Intervention de Philippe Errera

Réunion du 27 avril 2016 à 18h00
Commission d'enquête relative aux moyens mis en œuvre par l'État pour lutter contre le terrorisme depuis le 7 janvier

Philippe Errera, directeur général des relations internationales et de la stratégie du ministère de la défense :

Nous avons beaucoup de certitudes totalement réfutées par Poutine ; celle-là en fait partie. Il suffit de voir, grâce à nos propres moyens de renseignement, les localités où la Russie a frappé : l'essentiel de ces frappes ont visé des zones dans lesquelles Daech n'était pas physiquement présent mais où seule l'opposition se trouvait.

Les choses ont néanmoins évolué après l'attentat contre l'Airbus russe au-dessus de l'Égypte, mais à la marge : si nous dressons le bilan de l'intervention russe, l'essentiel des frappes a visé l'opposition et c'est encore le cas aujourd'hui, dans le cadre de l'appui que les forces russes apportent aux forces syriennes. La Russie a mené des frappes contre Daech et le JAN, mais dans une faible proportion. Elle a annoncé son retrait de Syrie au mois de mars dernier. Or nous constatons surtout qu'elle a réaménagé son dispositif, de façon à tirer, de manière assez habile, le bénéfice politique et diplomatique maximal de cette annonce sans pour autant mettre en péril sa présence et son assistance aux forces syriennes. Elle a même renforcé un certain nombre de ses composantes militaires, en particulier les hélicoptères d'attaque.

Quoi qu'il en soit, nous maintenons nos contacts avec la Russie. Le Président de la République s'y est rendu dès le 26 novembre, deux jours après son déplacement à Washington, le ministre de la défense le 21 décembre et le chef d'état-major le 23 décembre. M. Jean-Marc Ayrault, quant à lui, s'y est rendu la semaine dernière, et les contacts entre fonctionnaires se poursuivent. Au plan militaire, nous entretenons des contacts à travers nos services de renseignement militaires respectifs, et, à ma connaissance, la DGSE n'a jamais rompu ses contacts avec les services extérieurs civils russes. Pour autant, l'idée d'une politique de lutte contre Daech partagée avec la Russie est contrariée par le fait que celle-ci n'est pas engagée militairement contre Daech. Par ailleurs, nous estimons que tant que Bachar el-Assad restera au pouvoir, le moteur de l'instabilité en Syrie, qui a nourri Daech et lui a offert ses marges de manoeuvre, demeurera. Dès lors, tant que la Russie ne s'engage pas de manière entière dans une transition crédible, qui implique que Bachar el-Assad ne soit pas à la tête des autorités syriennes, notre effort de lutte contre Daech restera fortement contraint.
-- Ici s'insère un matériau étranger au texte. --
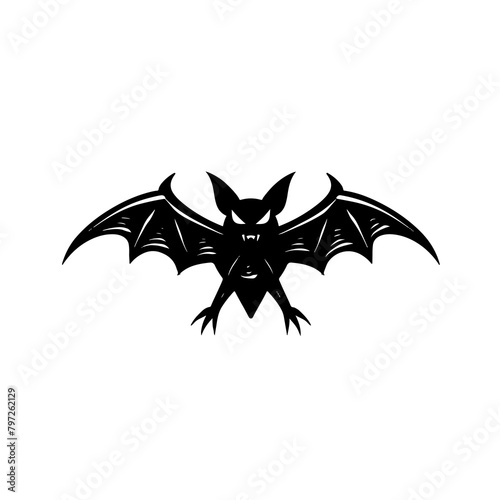 bat logo icon halloween dark element design art simple illustration brand market tattoo vintage design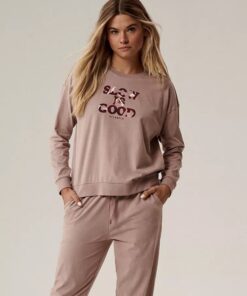 beżowa piząma damska długa atlantic bawełniana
S'agissant de la fermeture de l'ambassade à Damas, je laisserai répondre M. Bernard Bajolet que vous entendrez sans doute. Mais je dirai de manière générale que nos services ne dépendent pas que des ambassades, et c'est heureux, pour leurs activités de recueil du renseignement.

J'en viens à la Turquie. Oui, nous constatons des ambiguïtés, des ambivalences, dans la politique turque. Cela dit, nous avons constaté une évolution de la politique turque s'agissant du contrôle de la frontière et, selon nos collègues du ministère de l'intérieur, des combattants français. Pour autant, il nous semble important de poursuivre les efforts diplomatiques et nos contacts avec la Turquie, notamment pour nous assurer que la position turque, dans la lutte contre Daech et, plus globalement, dans son rôle dans la région et sa relation avec Bagdad, ne va pas créer un autre foyer d'instabilité.

Comment évaluer la réalité des frappes ? Nous disposons aujourd'hui de tout un ensemble de moyens que nous n'avions pas en 1999, lors de la campagne du Kosovo, qu'il s'agisse du recueil de renseignements d'origine satellitaire ou des Pod Reco équipant les Rafale ou les Mirage, qui nous permettent de dresser le bilan de nos frappes. En outre, le renforcement de nos échanges de renseignements militaires avec les États-Unis concernant ce théâtre s'est accéléré après les attentats du 13 novembre.

Par ailleurs, si Raqqah est liée à notre sécurité intérieure, c'est parce que c'est là que sont formés des Français pour mener des attentats sur le sol français.